Wednesday, April 21, 2010

Reporter's Notebook

Paul Leonard can be reached at

The myth of job-killing taxes

Reporting on job creation in Clark County is a bit like tracing the story of a detective novel, one beset with twists and turns. Only in this case, it isn’t a murder or big-ticket heist that begs to be solved – rather, it’s a hunt for where the jobs are (or aren’t) in a region desperately looking for good economic news.

However, on the jobs front, good news has definitely been hard to find. In Clark County, the economy shed 200 positions in March, raising the unemployment rate to 14.8 percent, according to a labor market report released last week by the Washington State Employment Security Dept.

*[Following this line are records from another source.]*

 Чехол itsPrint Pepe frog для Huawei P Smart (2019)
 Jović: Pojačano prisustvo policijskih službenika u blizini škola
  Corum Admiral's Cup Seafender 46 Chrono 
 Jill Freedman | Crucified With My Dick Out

Virtually all sectors remain weak in terms of job growth: retail, construction – even sectors once protected from the full impact of recessions past, like professional services. The economic situation has become critical enough for the state to recently designate Clark County as “distressed,” entitling some job-creating projects to sales tax relief.

All of these negative facts and figures prompt the question, posed here in classic detective novel fashion: Who-dunnit?

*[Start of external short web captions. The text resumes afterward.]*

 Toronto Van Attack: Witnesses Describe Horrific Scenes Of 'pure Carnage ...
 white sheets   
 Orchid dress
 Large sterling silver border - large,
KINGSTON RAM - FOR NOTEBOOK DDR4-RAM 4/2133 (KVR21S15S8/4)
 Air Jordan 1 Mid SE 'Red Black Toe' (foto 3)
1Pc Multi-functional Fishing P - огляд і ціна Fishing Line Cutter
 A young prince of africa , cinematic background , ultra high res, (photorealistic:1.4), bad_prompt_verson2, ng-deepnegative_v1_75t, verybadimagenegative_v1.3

According to regional economist Scott Bailey, at least one suspect can be crossed off the list of job-killing culprits. “Taxes have a relatively small impact on job growth,” Bailey told me last Friday, in a conversation on the impact of targeted tax increases recently passed by the Washington State Legislature.

That goes for tax increases elsewhere, as well. Bailey pointed to the lack of positive economic benefit to Clark County from the passage of initiatives 66 and 67 in Oregon, despite assertions to the contrary by business interests on both sides of the Columbia River (including this column, in which I panned the Beaver State ballot measures as setting a ‘dangerous regional precedent’). “If tax rates are relatively equal to other states, you are not going to see much impact,” Bailey said.

This is not to say that taxes are not important in terms of economic and job growth. But what this region really needs is an honest assessment of our weaknesses. And taxes – no matter how unpopular– aren’t one of them.

In fact, there are some local institutions deserving of more tax dollars, not less. According to Bailey, one of the region’s chief assets in the coming recovery are our solid education and skills training facilities – engines of future job growth, such as WSUV and Clark College, that deserve broad-based community support.

And despite the assertion of thousands of Tea Party protestors last week, the overall tax burden on individuals in 2009 was one the two lowest since 1955, according to the Center on Budget and Policy Priorities. The other was 2008, coincidentally the year when the Tea Party anti-tax movement began.

Make no mistake: struggling small businesses still need tax relief.

But they also need a skilled workforce, adequate infrastructure and economic development funding provided by a fair and equitable tax system.